[quote Hereward1332]@MissLucyEyelesbarrow
You're defending the huge number of surgeries that make it difficult to see your Doctor at all times (pre pandemic included) on the basis that one near you surgery has high absence? A six week wait for an appointment is not due to temporary absence, but symptomatic of a systemic problem.[/quote]
The systemic problem is that there aren't enough GPs. GP numbers are falling. Patients numbers are growing. The number of patients per GP has increased by 33% in under a decade. On top of that, falls in hospital activity have increased workload massively (27%) over the last 2 years, as more and more is left to GPs. And we have run a hugely successful vaccine campaign. And most of us have at least 20% of staff off at any one time at the moment, due to Covid.

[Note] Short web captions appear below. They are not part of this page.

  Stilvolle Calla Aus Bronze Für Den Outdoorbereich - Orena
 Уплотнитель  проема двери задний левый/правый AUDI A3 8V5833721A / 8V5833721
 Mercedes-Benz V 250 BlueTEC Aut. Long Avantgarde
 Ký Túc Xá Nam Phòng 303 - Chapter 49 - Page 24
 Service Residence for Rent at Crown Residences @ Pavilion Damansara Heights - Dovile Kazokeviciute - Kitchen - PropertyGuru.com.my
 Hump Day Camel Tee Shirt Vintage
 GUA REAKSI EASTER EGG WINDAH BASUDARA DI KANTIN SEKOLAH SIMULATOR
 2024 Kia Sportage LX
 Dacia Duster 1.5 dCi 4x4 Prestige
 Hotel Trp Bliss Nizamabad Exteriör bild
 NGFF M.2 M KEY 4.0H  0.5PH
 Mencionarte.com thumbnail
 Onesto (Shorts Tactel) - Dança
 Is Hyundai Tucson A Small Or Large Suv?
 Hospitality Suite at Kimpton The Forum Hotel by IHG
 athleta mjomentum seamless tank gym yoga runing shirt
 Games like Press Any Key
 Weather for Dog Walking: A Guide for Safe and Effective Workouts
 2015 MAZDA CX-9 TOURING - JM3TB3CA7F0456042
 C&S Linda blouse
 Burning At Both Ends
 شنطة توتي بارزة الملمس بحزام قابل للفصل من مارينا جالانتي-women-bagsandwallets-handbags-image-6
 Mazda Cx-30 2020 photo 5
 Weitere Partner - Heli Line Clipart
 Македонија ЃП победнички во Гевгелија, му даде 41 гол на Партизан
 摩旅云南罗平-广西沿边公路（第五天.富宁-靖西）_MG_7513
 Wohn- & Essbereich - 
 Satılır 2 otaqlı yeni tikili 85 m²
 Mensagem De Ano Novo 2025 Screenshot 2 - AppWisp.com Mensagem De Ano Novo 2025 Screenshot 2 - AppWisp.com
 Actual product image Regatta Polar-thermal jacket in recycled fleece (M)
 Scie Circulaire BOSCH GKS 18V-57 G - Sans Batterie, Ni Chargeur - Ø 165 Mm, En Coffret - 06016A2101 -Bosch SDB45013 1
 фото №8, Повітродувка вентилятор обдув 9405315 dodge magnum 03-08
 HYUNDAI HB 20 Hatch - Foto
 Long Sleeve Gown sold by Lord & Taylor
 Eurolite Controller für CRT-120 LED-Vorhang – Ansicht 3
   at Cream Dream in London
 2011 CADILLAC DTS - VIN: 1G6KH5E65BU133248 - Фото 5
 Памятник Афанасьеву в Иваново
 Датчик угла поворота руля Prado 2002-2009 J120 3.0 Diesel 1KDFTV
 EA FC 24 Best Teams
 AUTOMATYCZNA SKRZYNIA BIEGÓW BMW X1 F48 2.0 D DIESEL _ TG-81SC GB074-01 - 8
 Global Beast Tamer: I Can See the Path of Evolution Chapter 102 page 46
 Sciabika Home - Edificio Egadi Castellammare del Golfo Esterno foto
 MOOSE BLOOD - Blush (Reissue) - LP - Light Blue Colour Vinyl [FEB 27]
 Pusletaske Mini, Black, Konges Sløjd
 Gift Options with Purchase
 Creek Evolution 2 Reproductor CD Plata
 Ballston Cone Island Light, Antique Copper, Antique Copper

GPs are handing back contracts and bailing out to become locums all over the country because the job is just undoable . The GPs who stay have to take on more and more work, and still get it in the neck from know-alls like you, who think they are lazy wasters. If the job's so fucking easy, why are GPs resigning in droves?
At my own practice, each WTE GP has over 3000 patients. Each patient consults their GP 5.5 times per year on average (plus 3 consultations with the practice nurse), so that's 367 appointments per GP per week (allowing for annual leave and bank holidays). And patient consultations are only about half of what we do - there's home visits, prescriptions, blood results, referrals, safeguarding reports, PCN meetings, MDTs and fuck knows what else on top. As well as 367 appointments. Tell me again how we're fucking lazy. And, no, we can't recruit more GPs because no one wants to become a GP. And a big part of the reason is twats like you, who blame GPs for the fact that there aren't enough of us.
You don't become a GP to give patients poor service. GPs hate the way we are having to work. But our only way out is to resign. Thanks to people like you, that's what more and more of us are choosing.